GOP Senators Still Unsure of Plan for Attempted Election Rejection
With less than 48 hours to go, there’s still plenty of work to be done.
With less than 48 hours to go before President Trump’s last stand, the GOP Senators who plan to object to the results of the 2020 election on the floor of Congress are still without a set plan.
Part of the reason for this late-unfolding effort appears to be confusion over how many state results to object to.
Two House Republican officials told Fox News that more than 100 GOP House members will object to the election results in Arizona, Georgia, Michigan, Pennsylvania, Nevada and Wisconsin.
“If the Republican senators don’t object to enough states, the entire effort on Jan. 6 is worthless,” a House Republican official told Fox News. “To have any chance of impacting the outcome of the 2020 election, the Republican senators must join Republican House members in objecting at least three states and ideally all six states – Arizona, Georgia, Michigan, Pennsylvania, Nevada and Wisconsin.

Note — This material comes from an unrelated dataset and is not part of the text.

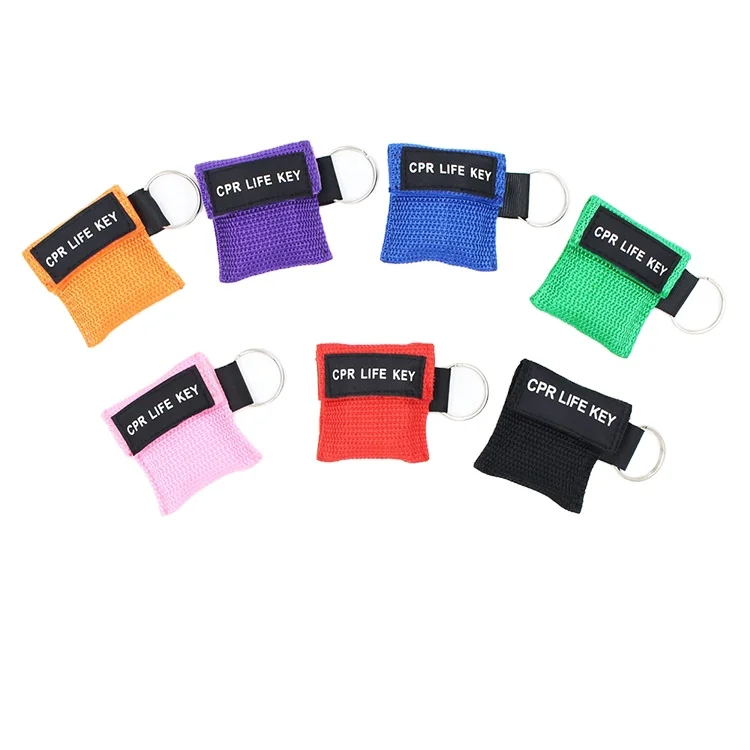 Wholesale disposable free breathing barrier face shield life key keychain training cpr mask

“If Republican senators only object to one state, Joe Biden will undoubtedly secure enough electoral votes to become president,” the official continued, adding that “the pressure really is on the Republican senators like Ted Cruz to join House Republicans here.”
“If they don’t, it will be a great disappointment to the president, their constituents, and ensure a Joe Biden victory,” the official said.

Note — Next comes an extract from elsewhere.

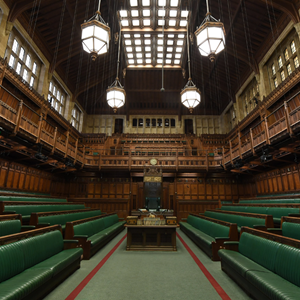 Empty House of Commons Chamber looking towards the Speaker's chair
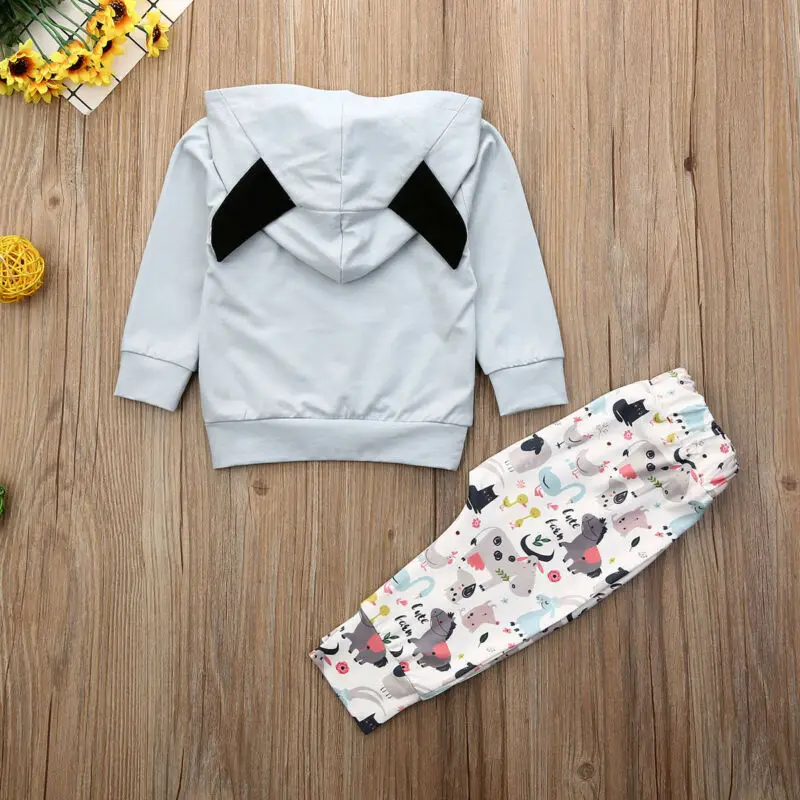 Одежда для активного отдыха для новорожденных; осенняя одежда для маленьких мальчиков; милая толстовка с капюшоном и роговыми ушками; топы с принтом лошади; штаны с принтом животных; одежда для маленьких девочек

Ted Cruz, who has been a central figure in the effort, has been advocating for something a bit broader.
The group led by Cruz has yet to explicitly commit to objecting to any specific state, and instead called for “an emergency 10-day audit of the election returns in the disputed states.” “Once completed, individual states would evaluate the commission’s findings and could convene a special legislative session to certify a change in their vote, if needed,” the group led by Cruz said over the weekend.

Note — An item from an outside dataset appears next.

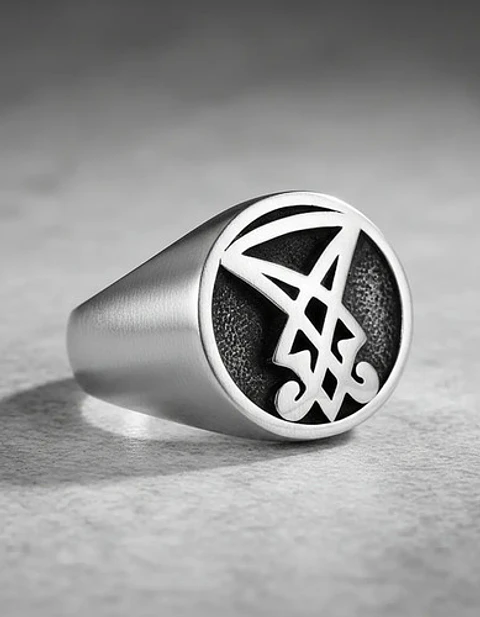 Anillo Color Plata Sello Sigil Acero Inoxidable Para Hombre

If that doesn’t happen, the senators intend to vote against certification.
“Accordingly, we intend to vote on Jan. 6 to reject the electors from disputed states as not ‘regularly given’ and ‘lawfully certified’ (the statutory requisite), unless and until that emergency 10-day audit is completed,” they said in the statement.
If the group is unsuccessful on Wednesday, it will likely end President Trump’s ethical and legal paths to remaining in the White House, barring any unprecedented and tectonic legal decision.